In East Timor's second city of Baucau, he adopted a new persona,
posing as a respectable church-going citizen throughout the 1990s.
Neighbor Judite Belo describes him as a "man with the virtues
of a priest".
After a seven-month investigation, however, United Nations police
investigators have made a formal request for arrest warrants for
daSilva, General Mohammad Yunus Yosfiah and an East Timorese called
Domingos Bere. They are accused of murdering Greg Shackleton,
Gary Cunningham, Tony Stewart, Brian Peters and Malcolm Rennie
in Balibo, East Timor, on October 16, 1975. The journalists were
working for Australian TV networks when they were shot as Indonesian
troops led by Yunus attacked the border town at dawn. Peters and
Rennie were British, while Cunningham was a New Zealander. DaSilva's
alleged links to a series of 1983 massacres in the Kraras region,
near Viqueque, are also being investigated. Belo, a widow, rejects
the allegations against daSilva, who, she says, helped support
her young family after her husband's death. Her children played
with his three daughters, Estela, Neni and Nuki, and, she adds,
he "helped many people here".
The
now-derelict house in which daSilva and his Timorese wife lived
for more than a decade is just a stone's throw from Baucau's Catholic
church, where a priest, who asks not to be identified, testifies
to daSilva's pious habits. "He came to me four years ago with
tears in his eyes," he recalls, "saying he wanted to return to
the bosom of the church. I knew he had served with the military,
and have since heard from others about crimes he had committed,
but I knew nothing of that." Viqueque is 50 kilometres further
south. Here, locals accuse daSilva of shared responsibility for
the many dead who lie in mass graves deep in the jungle. Kraras
does not appear on any map. In Portuguese, Campo Kraras, as it
is known, means the "field" or "plain" of Kraras, and it refers
to a large triangle bounded by the Viqueque-Ossu road, the Viqueque-Luca
road and the Bi-Tuku river. One of the victims of the Kraras massacres
was elderly Celestino dos Anjos, a World War II hero decorated
by the Australian Government for his services to Australian troops.

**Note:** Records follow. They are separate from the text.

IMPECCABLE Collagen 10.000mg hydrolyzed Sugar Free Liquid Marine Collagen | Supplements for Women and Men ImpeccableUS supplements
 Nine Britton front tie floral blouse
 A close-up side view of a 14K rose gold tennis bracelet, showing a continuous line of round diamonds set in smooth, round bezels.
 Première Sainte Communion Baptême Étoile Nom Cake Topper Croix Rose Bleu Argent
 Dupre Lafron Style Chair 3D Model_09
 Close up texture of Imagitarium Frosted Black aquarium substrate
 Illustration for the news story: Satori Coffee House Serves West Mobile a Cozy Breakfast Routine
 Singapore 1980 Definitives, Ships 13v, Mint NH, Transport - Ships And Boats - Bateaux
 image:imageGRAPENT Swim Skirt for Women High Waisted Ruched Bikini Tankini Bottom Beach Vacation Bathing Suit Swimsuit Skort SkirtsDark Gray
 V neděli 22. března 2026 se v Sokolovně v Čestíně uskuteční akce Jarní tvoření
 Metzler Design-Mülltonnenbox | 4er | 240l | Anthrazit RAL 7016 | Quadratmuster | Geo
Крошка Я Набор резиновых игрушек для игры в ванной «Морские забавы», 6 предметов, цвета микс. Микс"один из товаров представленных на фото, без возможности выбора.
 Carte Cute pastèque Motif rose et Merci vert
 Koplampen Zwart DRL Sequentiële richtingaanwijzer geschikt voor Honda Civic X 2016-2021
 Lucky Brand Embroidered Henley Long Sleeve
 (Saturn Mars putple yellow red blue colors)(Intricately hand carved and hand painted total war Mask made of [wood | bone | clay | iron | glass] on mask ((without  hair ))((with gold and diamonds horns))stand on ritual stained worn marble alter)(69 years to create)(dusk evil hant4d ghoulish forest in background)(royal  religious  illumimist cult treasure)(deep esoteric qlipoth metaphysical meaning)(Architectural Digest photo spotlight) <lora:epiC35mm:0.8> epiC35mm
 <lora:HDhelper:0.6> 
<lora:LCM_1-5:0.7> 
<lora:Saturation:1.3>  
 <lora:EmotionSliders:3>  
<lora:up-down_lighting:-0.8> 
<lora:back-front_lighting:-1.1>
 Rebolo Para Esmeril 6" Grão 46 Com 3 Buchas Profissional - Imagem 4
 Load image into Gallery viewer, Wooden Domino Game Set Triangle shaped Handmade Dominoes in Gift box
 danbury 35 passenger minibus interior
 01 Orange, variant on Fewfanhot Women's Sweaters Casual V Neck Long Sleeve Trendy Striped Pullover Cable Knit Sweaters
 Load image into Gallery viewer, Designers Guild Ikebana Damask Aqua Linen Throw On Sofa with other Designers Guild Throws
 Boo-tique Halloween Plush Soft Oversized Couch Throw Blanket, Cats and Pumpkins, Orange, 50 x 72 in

An anguished letter from his son Virgilio to the late Captain
Arthur Stevenson of Sydney first alerted the world to the Kraras
killings. He wrote: "On 27/9/83 they summoned my father and wife.
They ordered my father to dig his grave and when it was deep enough
fired a round and the poor old man with his last force tried to
fit his body into it. After that they told my wife, who was pregnant,
to dig another grave for herself, but she insisted she wanted
to be with her father-in-law and placed herself in front of his
grave. They pushed her in and killed her as they had killed him."
Antonio Nahafaik is one of three survivors of the principal Kraras
massacre. It was allegedly commanded by General Prabowo Subianto,
then a captain, and occurred on the banks of the Bi-Tuku river
on September 17, 1983. Nahafaik was one of 184 male villagers
summoned to go there to collect food supplies by a handful of
Indonesian policemen. When they reached the riverbank, he says,
they were ordered into the water. A large force of Indonesian
soldiers armed with semi-automatic weapons then emerged from the
jungle and surrounded them. They set up two machineguns. "They
told us to sit. Some people prayed.
Then they counted, and started shooting. I was in the middle and
didn't see where the bullets came from. I went down after the
first shots, but I wasn't hit. Some people fell on top of me.
I stayed there about an hour. Then the Indonesians called out:
`Whoever is still alive, you can come and join us as a TBO [porter].'
I didn't open my eyes, but there were two children who stood up
when they said this, and were shot. I prayed to God that nobody
on top of me would move in case they started shooting there again.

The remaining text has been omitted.